Looking to avoid trouble, most Cubans celebrated safely by staying in. That year, many of the people who would become Miami's top civic and political leaders were teenagers huddled at home with parents afraid to let them revel outside.

Rebel leader Fidel Castro was in the eastern Sierra Maestra mountains, preparing to attack the eastern city of Santiago de Cuba while he negotiated with top military commanders and dictated memos through the night. Argentine doctor and rebel leader Ernesto ''Ché'' Guevara had just defeated the Cuban army in the central city of Santa Clara, and Castro's younger brother Raúl was poised to take the far eastern city of Guantánamo.

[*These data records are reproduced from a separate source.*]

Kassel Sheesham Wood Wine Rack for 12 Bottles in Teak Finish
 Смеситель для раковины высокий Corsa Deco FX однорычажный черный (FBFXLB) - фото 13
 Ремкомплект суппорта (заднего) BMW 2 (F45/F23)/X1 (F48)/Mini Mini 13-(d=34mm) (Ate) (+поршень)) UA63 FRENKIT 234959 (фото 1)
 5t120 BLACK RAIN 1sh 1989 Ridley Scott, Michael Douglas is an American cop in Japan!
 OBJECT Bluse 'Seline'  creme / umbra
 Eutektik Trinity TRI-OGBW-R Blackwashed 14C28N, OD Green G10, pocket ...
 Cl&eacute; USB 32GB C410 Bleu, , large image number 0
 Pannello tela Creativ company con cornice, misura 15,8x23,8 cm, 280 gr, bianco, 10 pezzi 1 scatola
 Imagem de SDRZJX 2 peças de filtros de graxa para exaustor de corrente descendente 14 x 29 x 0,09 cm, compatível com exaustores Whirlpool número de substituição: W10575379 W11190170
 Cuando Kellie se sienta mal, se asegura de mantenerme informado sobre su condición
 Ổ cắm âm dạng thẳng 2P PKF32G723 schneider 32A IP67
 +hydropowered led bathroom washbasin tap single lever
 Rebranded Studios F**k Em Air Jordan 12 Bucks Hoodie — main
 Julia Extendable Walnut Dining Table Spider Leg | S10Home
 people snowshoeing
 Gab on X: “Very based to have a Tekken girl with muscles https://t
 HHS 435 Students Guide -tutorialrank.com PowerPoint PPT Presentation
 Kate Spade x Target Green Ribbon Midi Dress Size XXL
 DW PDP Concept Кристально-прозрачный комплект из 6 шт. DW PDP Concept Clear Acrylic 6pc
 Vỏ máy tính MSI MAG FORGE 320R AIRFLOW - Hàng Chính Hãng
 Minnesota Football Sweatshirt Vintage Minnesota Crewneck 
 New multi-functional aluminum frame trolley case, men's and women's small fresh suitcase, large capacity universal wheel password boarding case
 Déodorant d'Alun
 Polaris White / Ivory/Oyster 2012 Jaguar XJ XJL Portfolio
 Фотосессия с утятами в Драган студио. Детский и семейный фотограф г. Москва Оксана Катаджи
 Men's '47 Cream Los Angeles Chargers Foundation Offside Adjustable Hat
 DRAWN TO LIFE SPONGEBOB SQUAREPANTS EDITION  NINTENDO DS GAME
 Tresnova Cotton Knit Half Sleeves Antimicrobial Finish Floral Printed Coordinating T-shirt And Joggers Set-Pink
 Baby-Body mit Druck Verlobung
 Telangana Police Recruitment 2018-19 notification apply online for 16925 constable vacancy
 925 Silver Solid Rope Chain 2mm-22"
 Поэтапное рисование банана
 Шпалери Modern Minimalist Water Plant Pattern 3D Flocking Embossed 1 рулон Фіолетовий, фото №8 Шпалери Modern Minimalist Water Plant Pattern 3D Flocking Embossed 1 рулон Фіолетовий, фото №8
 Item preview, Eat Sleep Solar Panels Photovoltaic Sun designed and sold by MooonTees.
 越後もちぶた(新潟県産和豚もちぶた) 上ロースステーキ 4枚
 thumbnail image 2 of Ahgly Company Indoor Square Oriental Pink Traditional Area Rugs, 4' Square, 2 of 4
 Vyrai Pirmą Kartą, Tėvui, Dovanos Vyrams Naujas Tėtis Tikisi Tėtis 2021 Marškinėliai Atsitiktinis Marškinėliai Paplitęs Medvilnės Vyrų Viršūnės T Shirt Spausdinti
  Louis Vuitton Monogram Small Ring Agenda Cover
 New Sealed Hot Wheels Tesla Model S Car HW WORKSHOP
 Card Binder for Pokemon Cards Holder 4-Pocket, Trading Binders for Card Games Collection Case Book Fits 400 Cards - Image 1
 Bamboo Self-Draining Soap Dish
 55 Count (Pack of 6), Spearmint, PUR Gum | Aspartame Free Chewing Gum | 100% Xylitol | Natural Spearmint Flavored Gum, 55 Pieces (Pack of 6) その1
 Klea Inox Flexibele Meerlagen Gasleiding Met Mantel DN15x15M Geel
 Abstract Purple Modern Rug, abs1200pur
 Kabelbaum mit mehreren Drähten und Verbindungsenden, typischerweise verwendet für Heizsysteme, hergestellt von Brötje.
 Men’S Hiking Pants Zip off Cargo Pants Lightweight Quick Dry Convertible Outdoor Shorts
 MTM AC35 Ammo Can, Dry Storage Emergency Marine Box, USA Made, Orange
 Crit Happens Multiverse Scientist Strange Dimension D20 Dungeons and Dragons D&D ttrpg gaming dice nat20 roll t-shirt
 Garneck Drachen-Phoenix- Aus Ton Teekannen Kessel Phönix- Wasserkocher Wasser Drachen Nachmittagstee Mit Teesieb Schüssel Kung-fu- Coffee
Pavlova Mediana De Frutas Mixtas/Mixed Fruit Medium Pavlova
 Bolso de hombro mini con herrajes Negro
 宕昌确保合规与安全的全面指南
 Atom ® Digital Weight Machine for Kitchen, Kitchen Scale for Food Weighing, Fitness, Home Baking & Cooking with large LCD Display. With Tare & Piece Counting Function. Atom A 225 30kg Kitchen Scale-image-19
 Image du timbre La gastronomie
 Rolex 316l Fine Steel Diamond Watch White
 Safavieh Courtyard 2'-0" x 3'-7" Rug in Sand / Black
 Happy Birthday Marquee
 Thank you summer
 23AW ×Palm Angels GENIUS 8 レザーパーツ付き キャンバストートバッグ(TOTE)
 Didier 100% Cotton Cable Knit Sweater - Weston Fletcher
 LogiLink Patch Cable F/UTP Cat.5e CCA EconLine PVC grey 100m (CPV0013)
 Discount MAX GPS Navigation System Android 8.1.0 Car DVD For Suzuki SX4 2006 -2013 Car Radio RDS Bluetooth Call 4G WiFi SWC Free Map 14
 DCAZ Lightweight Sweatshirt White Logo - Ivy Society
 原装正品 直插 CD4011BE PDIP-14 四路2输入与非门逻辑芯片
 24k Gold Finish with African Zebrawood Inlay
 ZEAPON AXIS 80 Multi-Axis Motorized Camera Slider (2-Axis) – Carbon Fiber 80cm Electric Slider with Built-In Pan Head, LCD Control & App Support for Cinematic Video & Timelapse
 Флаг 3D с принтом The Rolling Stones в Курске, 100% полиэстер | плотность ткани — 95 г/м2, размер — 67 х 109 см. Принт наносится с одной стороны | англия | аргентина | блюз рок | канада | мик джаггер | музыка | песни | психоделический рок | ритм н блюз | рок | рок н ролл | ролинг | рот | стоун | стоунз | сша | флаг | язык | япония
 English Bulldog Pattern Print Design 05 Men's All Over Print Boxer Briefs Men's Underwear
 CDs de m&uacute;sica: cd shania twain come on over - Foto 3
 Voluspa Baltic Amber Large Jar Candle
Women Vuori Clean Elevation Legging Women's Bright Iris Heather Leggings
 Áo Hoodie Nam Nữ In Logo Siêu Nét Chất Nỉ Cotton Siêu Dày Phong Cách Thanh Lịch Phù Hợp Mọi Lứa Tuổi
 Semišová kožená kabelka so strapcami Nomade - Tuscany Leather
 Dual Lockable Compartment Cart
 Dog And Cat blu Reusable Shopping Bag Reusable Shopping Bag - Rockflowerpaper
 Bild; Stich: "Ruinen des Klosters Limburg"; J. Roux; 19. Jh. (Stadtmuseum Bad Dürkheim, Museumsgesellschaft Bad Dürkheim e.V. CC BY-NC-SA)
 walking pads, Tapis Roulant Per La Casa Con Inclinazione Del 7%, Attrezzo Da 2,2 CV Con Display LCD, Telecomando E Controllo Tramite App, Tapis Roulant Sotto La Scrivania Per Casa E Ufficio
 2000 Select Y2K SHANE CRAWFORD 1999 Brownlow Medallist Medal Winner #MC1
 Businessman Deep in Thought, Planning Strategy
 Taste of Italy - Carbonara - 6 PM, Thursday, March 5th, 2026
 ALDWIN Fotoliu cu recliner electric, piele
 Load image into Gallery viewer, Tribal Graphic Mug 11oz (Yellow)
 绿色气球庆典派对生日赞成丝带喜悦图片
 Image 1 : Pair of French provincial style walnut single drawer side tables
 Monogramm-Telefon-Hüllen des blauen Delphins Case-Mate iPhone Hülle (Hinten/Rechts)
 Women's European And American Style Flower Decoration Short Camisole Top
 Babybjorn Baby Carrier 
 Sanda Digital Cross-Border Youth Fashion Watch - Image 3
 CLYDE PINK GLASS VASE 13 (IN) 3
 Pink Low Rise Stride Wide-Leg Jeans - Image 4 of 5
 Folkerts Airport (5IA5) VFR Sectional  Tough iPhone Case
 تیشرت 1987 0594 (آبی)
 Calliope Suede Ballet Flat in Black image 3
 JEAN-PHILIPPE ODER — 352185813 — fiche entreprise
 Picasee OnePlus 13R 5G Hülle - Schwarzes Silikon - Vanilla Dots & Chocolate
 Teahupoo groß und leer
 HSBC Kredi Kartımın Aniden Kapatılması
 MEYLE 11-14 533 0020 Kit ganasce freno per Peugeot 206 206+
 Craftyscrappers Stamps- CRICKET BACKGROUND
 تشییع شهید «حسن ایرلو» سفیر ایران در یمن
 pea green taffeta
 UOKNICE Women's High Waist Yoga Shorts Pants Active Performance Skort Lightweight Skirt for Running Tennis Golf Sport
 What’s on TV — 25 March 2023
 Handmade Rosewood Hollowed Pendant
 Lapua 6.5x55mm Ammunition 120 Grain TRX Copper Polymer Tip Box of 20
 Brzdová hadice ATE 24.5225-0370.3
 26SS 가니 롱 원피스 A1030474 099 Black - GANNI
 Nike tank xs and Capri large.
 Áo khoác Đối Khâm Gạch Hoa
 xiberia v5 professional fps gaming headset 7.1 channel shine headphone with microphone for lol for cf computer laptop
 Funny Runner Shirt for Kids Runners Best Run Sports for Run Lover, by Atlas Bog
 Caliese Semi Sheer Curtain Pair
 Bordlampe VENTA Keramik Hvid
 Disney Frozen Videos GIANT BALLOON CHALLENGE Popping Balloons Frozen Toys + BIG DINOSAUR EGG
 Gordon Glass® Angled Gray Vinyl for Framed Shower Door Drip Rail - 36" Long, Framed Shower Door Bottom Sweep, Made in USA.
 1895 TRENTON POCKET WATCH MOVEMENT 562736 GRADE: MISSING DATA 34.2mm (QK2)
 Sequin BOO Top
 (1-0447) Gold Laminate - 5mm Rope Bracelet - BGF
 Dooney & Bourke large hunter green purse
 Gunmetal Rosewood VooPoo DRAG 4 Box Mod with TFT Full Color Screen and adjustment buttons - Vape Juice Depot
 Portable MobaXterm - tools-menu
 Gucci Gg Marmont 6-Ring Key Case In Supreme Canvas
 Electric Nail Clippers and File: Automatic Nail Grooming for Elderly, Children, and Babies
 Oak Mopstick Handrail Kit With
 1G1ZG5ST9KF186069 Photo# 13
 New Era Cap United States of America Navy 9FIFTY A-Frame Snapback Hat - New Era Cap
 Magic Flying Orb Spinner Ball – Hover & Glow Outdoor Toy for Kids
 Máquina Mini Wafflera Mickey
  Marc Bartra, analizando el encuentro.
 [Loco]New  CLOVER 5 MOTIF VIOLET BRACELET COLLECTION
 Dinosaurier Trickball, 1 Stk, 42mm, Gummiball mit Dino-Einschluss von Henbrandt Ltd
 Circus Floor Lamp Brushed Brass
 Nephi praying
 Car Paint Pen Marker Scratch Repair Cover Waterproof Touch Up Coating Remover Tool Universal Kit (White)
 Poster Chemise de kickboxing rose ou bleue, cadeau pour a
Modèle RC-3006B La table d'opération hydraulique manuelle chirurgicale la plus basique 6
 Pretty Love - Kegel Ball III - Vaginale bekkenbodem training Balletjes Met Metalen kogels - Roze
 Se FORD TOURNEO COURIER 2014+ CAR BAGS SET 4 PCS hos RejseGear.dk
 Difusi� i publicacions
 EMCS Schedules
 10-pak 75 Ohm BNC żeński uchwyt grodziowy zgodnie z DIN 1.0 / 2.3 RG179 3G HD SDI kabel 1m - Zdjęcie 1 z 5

Castro did not know that dictator Fulgencio Batista had spent the day gathering up cash and friends in preparation for leaving the country. Top army generals frantically tried to come up with a new president by lunchtime.

`LIKE A HURRICANE'

'It's like a hurricane is coming: `I need to buy this and do that,' '' said former Miami Herald journalist Roberto Fabricio, who with Miami Herald staff writer John Dorschner co-authored the 1980 book Winds of December, a recounting of Batista's final days. ``You know it's coming some day.

``The hurricane had come.''

Fifty years ago, a new chapter emerged in Cuban history: A weary army was no longer willing to die to support an unpopular regime. A growing rebel militia was winning important victories as top generals secretly negotiated with Castro and his men. With military aid from the United States cut off, Batista found himself a defeated dictator presiding over rivers of blood.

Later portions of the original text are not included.